I am trying to formalize an algorithm using the set-builder notation.
Having an array B of values $d$:
$$
B = [d_1,d_2, \ldots,d_n]
$$
For instance, I want to define a new list $A$ containing the values $d$ that are greater than a value $h$. The order is important and there could be also values with the same distances. So the following expression using the set-builder notation is wrong:
$$
A = \{\ d_i \ |\ d_i \in\ B , \ d_i >h \}
$$
Can I use the set-builder notation for creating list of values? So far I though this could be a solution, but I don't know if it is acepted:
$$
A = (\ d_i \ |\ d_i \in\ B , \ d_i >h )
$$
How to use set-builder notation for creating lists
elementary-set-theorynotation
Best Answer
Ultimately notation is not so much about being technically correct, it is about being understood. Set builder notation is so standard, that any mathematically educated person reading it will understand what it means, which makes it a good notation (this is also what makes it meaningful to speak of "correct" and "incorrect" set builder notation).

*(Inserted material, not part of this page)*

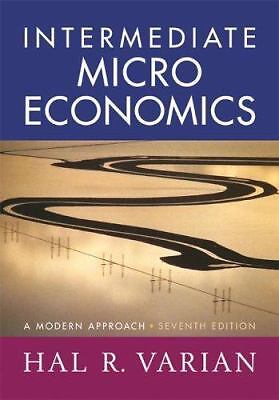 Intermediate Microeconomics: A Modern Approach by Varian, Hal R.
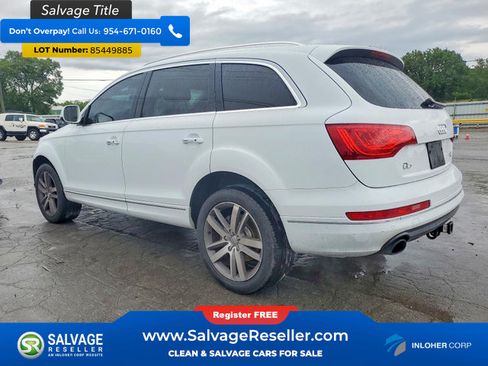 Used 2015 Audi Q7 3.0T Premium Plus w/ Premium Plus Package AWD/4WD image 3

Since you are not looking to define a set, set builder notation is not really what you are looking for. The question is: how can you succinctly express what you are going for without being confusing?
Your original notation $$ A = (d_i \mid d_i \in B, d_i > h) $$ is not standard. However, I would likely understand it if it was clear from context that $A$ should be an array (or sequence) and that the ordering of $A$ matters. Personally I think this notation could be improved by replacing $d_i \in B$ with $1 \leq i \leq n$; because $B = [d_1\ \ldots d_n]$, the fact that $d_i \in B$ is essentially redundant, and anyway $d_i \in B$ is not really standard notation when $B$ is not a set.
An equally formal definition of $A$ would be: "$A$ is the subsequence of $B$ consisting of all entries in $B$ which are larger than $h$". Since there is less possibility of misunderstanding in this English sentence than in the mathematical expression, this is arguably more formal, not less, even though it is written in natural language rather than in mathematical symbols.